Un potier (en)chanteur et pas empoté

Grâce à Aude, artiste, et comparse de mes « plus que tribulations » en Inde du sud, et aux côtés de « Gi » (au doux 2ème prénom de Gilberte, son 1er n’étant pas avouable), nous avons rencontré le potier de l’autre rive du fleuve à Putenxxx (nom de ville imprononçable). Pour cela, nous avons marché et pris un bateau de fortune composé de 2 grandes barques, d’amortisseurs formés de pneus et d’un moteur. C’est un bac qui permet de traverser, sans se mouiller, à pied ou sur un 2 roues.
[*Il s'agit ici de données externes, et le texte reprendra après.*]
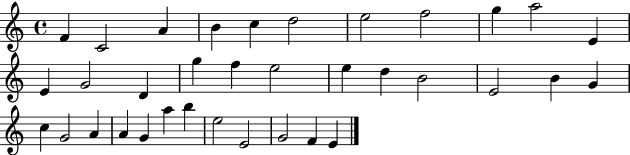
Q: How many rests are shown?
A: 0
Évadées de notre île retraite, nous avons découvert une église chrétienne kitsch à souhait et surtout nous (enfin, surtout Aude…) avons « fait connaissance » avec un indien qui travaille à Tolède en Espagne et qui conversait avec Aude en espagnol. C’était drôle cette situation. Un beau moustachu, fier comme Artaban qui fut notre guide, au commencement de notre virée. Nous avons traîné nos guêtres chez un commerçant d’ampoules pour dégoter un style « kitsch », avec une madone au-dedans puis avons poussé la Porte d’un marchand de tissus et de tailleurs, tailleurs dans la ville. Là-bas, ou ici, les femmes et les hommes sont beaux, naturellement, de par leur regard appuyé, leur déhanché et leur port de tête. Ils aiment les couleurs et leurs tissus sont un ravissement pour les yeux. Des tailleurs, il y en a partout comme des magasins de tissus, un peu comme les agents immobiliers ou les opticiens chez nous. Mes comparses se sont achetées de beaux tissus. Gi a commandé un ensemble sur mesure pour 300 roupies, la taille et la couture, soit 5€.  Aude ex créatrice de collections et couturière dans de grandes maisons a donné les instructions. Pas sûr que le résultat soir au rdv !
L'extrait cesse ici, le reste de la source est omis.